Refer to Time Series in Driverless AI for more information about time series experiments in Driverless AI and to see a time series example.

Time column settings


  • Engineered features will be used for MLI when a time series experiment is built. This is because munged time series features are more useful features for MLI compared to raw time series features.

  • A Time Column cannot be specified if a Fold Column is specified. This is because both fold and time columns are only used to split training datasets into training/validation, so once you split by time, you cannot also split with the fold column. If a Time Column is specified, then the time group columns play the role of the fold column for time series.

  • A Time Column cannot be specified if a validation dataset is used.

  • A column that is specified as being unavailable at prediction time will only have lag-related features created for (or with) it.

  • Unavailable Columns at Time of Prediction will only have lag-related features created for (or with) it, so this option is only used when time_series_recipe is enabled.

Accuracy, Time, and Interpretability Knobs

The experiment preview describes what the Accuracy, Time, and Interpretability settings mean for your specific experiment. This preview automatically updates when any of the experiment’s settings change (including the knobs).

  • The Accuracy knob stands for relative accuracy: Higher values should lead to higher confidence in model performance. Usually achieved through the use of larger data (less sampling), more modeling effort (more tuning, higher accuracy settings), more statistical calculations (cross-validation, bootstrapping). Doesn’t always mean that the final model is better, but generally means that the final estimate is more accurate. If in doubt, trust the results of the experiment with higher accuracy settings.

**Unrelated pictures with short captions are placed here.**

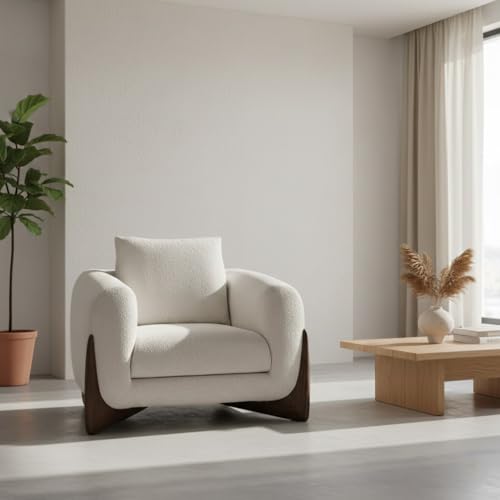 Image of Lakdi The Furniture Modern Cozy Sherpa Lounge Chair with Boucle Upholstery, Curved Wood Base & Oversized Club Seating for Living Room & Bedroom | 5 Years Warranty | Free Assembly - 15185252
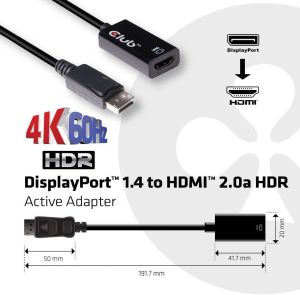 Kabel Club 3D DisplayPort - HDMI 0.2m czarny (CAC-1080) 3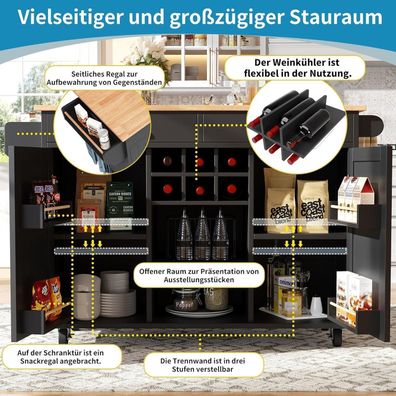 Lahoomu Kücheninsel (102x45x92cm) - Multifunktionaler Küchenschrank mit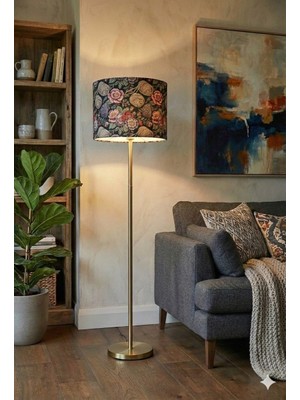 Otay Ev Dekorasyon Çiçek ve Iplik Desenli Kumaş Lambader Başlığı ( Sadece Başlık )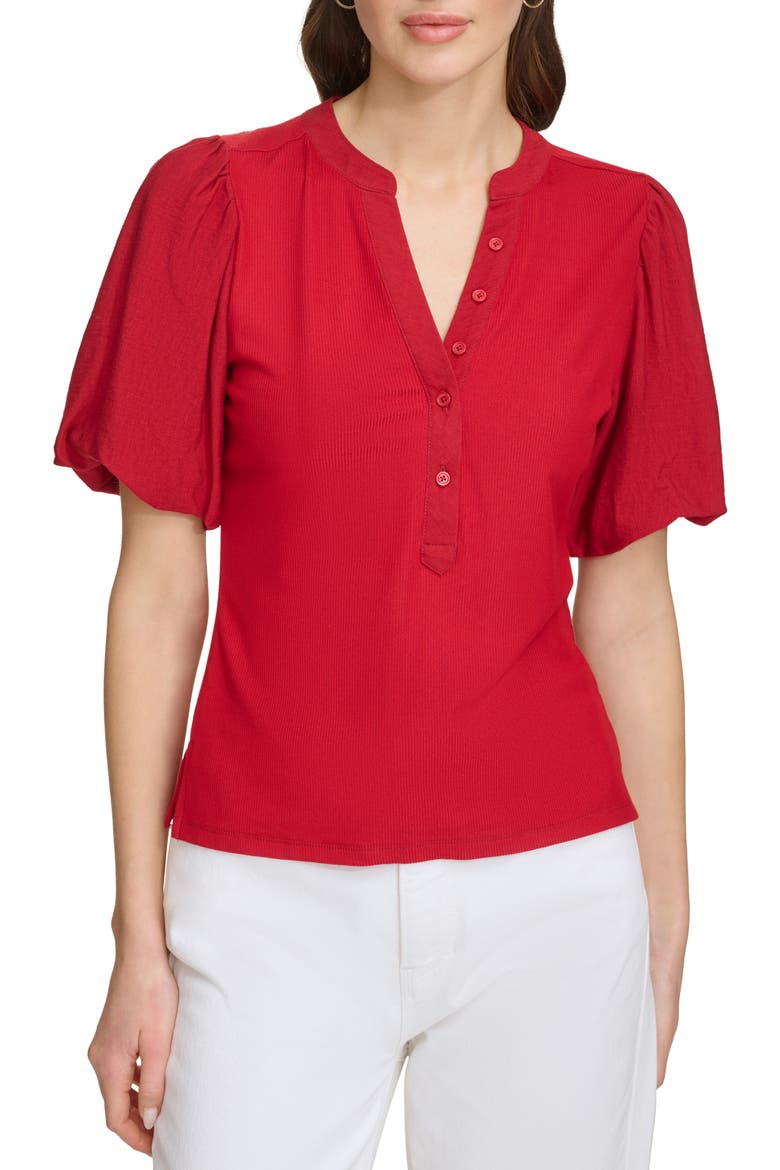 Rib Crinkle Sleeve Henley Top, Main, color, SANGRIA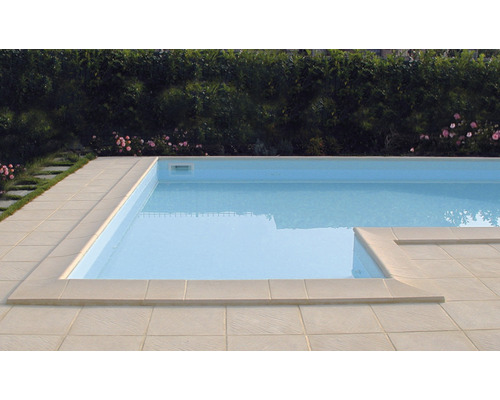 Schwimmbecken mit Steinumrandung und Garten im Hintergrund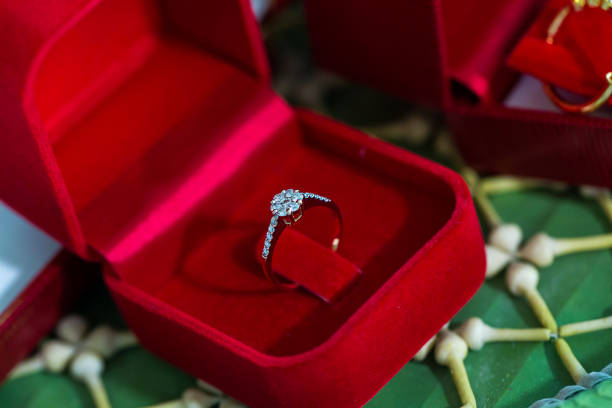 istock Diamond ring, wedding ring, Wedding Ring bride price. Wedding symbols. Wedding ceremony. image for objects and article. 1074272428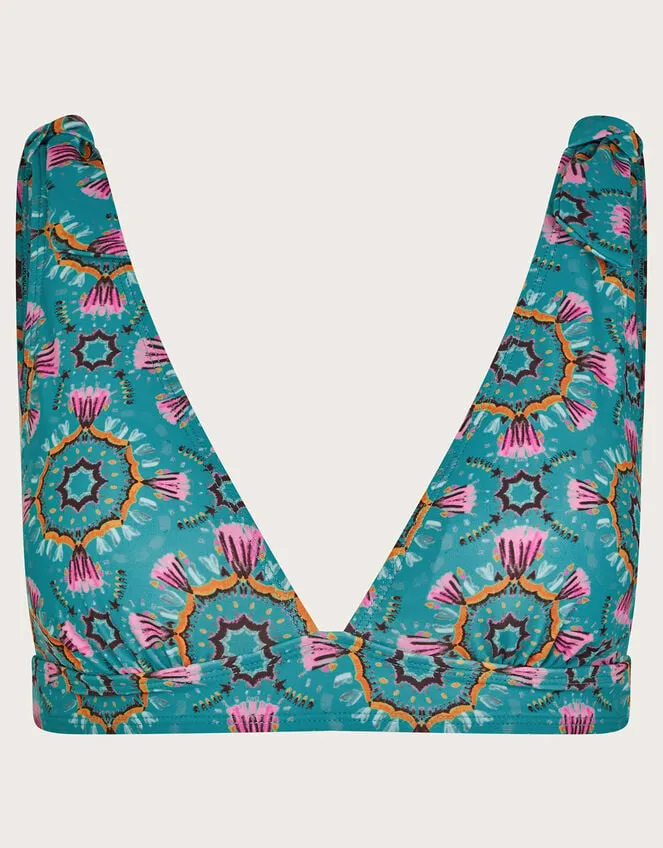 Women Carla Print Bikini Top Teal Monsoon Beachwear and Swimwear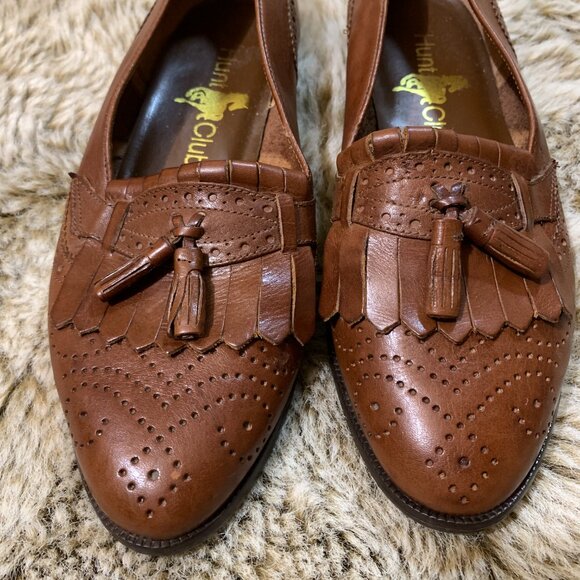 VINTAGE Hunt Club Brown Leather Kiltie Tassel Loafers Womens Size 7W - Picture 5 of 8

  • The Time knob stands for relative time tolerance: Higher values generally lead to longer run times. Indicates patience to wait for convergence of the experiment score. Larger values mean higher chance of getting a better model. If it takes too long, just click on ‘Finish’ button and it will finish the experiment as if convergence was achieved.

  • The Interpretability knob stands for relative interpretability: Higher values favor more interpretable models (e.g. linear models, decision trees, single models) with less complex feature engineering (fewer features, simple features). Lower values lead to more complex models (e.g. neural networks, GBMs, ensembles) and more complex feature pipelines (more features, higher-order interaction features).


Accuracy, Time, and Interpretability Knobs

Accuracy, Time, and Interpretability Knobs

Experiment Preview

Experiment Preview


As accuracy increases, Driverless AI gradually adjusts the method for performing the evolution and ensemble. At low accuracy, Driverless AI varies features and models, but they all compete evenly against each other. At higher accuracy, each independent main model will evolve independently and be part of the final ensemble as an ensemble over different main models. At higher accuracies, Driverless AI will evolve+ensemble feature types like Target Encoding on and off that evolve independently. Finally, at highest accuracies, Driverless AI performs both model and feature tracking and ensembles all those variations.

Changing this value affects the feature evolution and final pipeline.

Note: A check for a shift in the distribution between train and test is done for accuracy >= 5.

Training data size: Displays the number of rows and columns in the training data.

Feature evolution: This represents the algorithms used to create the experiment. If a test set is provided without a validation set, then Driverless AI will perform a 1/3 validation split during the experiment. If a validation set is provided, then the experiment will perform external validation.

Final pipeline: This represents the number of models and the validation method used in the final pipeline. For ensemble modeling, information about how models are combined is also shown here.


This specifies the relative time for completing the experiment (that is, higher settings take longer).

Feature Brain Level: Displays the feature brain level for the experiment. For more information, see feature_brain_level.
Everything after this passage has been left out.